What Do Our Communication Practices Say About Us?

by Will Miller

I am pleased to commend for your reading this brief commentary on the influence of our current communication culture on our identity, on our church life and on our relationship with the world, especially since the intensive graduate course I taught (Communication and Culture) is referenced in it.  In fact, I encouraged Will to find a way to disseminate it to a wider audience. 

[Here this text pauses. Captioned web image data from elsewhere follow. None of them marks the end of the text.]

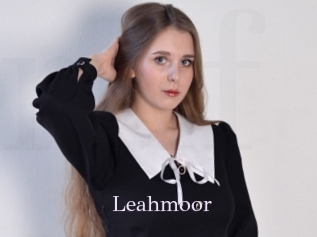 Leahmoor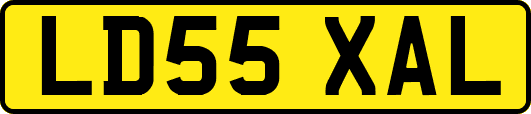 LD55XAL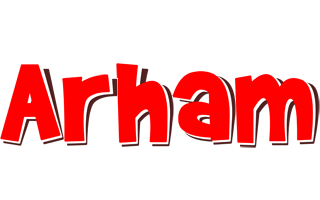 arham basket logo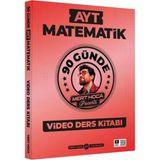 Ayt Matematik Video Ders Kitabı 90 Günde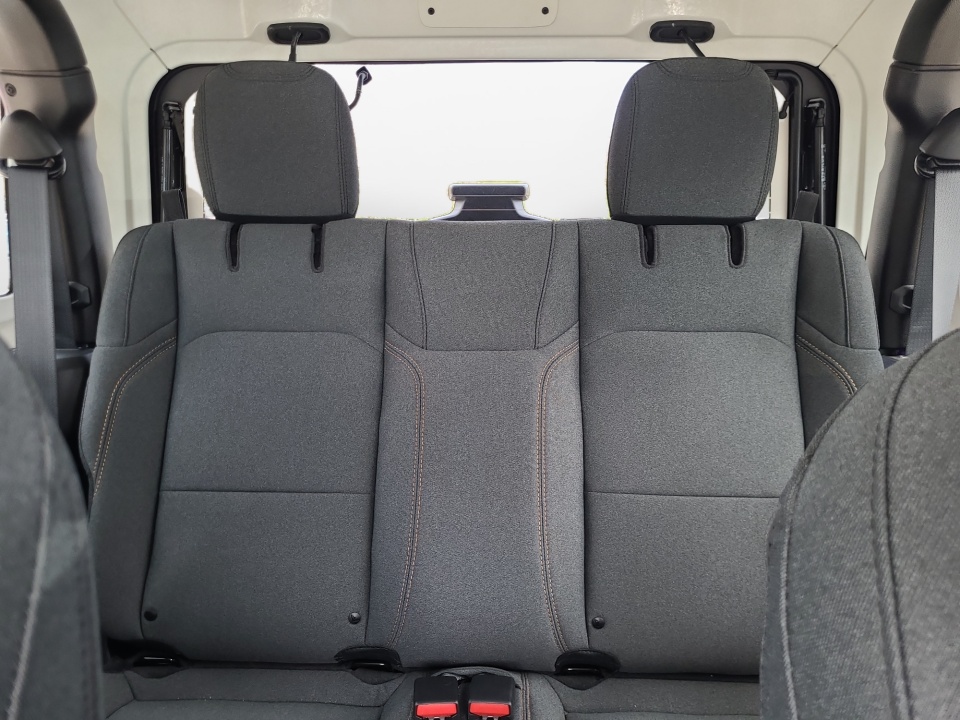 1C4PJXAN6TW282774 2026 Jeep Wrangler 2-Door Willys 4x4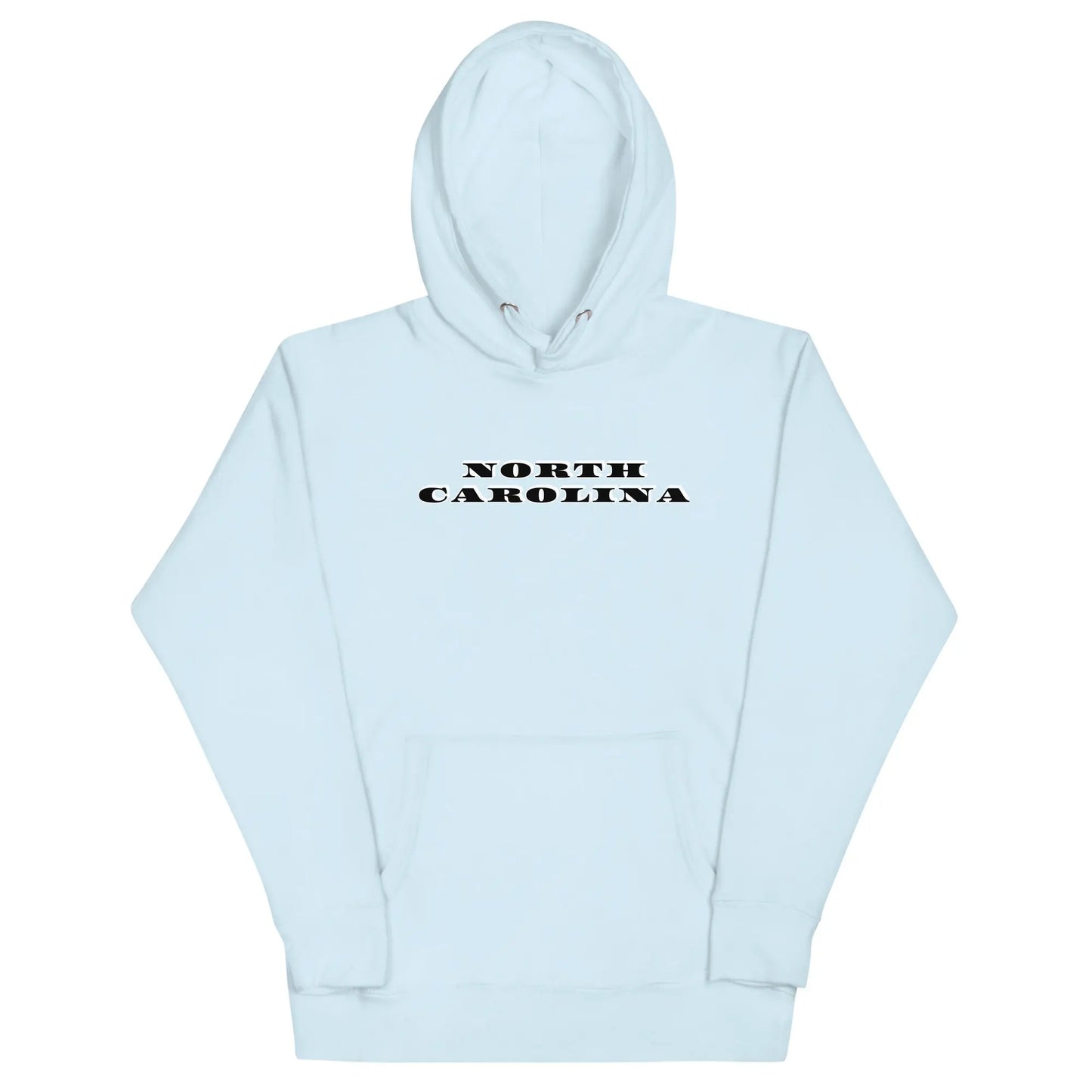 Unisex Hoodie-LifessentialsLLC.com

A recent book by Leonard Sweet (Viral: How Social Networking Is Poised to Ignite Revival [Waterbrook Press, 2012]) speaks of our communication culture as TGIF (Twitter, Google, iPhone and Facebook).  In the class I learned just how extensive social media has become beyond even these dominating forms (see, http://www.forbes.com/sites/fredcavazza/2012/03/12/an-overview-of-the-social-media-ecosystem/).  I also learned how little I knew about their usage, let alone using them myself. 

But Will’s piece is not a how-to manual on such media platforms.  It provides an insightful commentary of what they mean for communication practice within the church.  For example, some have been encouraged by a return to tradition, including the liturgy, by younger folks.  But Will dissects that phenomenon and gives it a reality check by showing that this interest is not so much a looking “for” tradition, but “to” it.  Those are two different actions indeed!  But enough of my words, please dig into this article and begin to get a clearer picture of what social media has done to our once safe and predictable approach to communication.  And remember—the first iPhone was released in the summer of 2007; what incredible changes that have occurred in just six years!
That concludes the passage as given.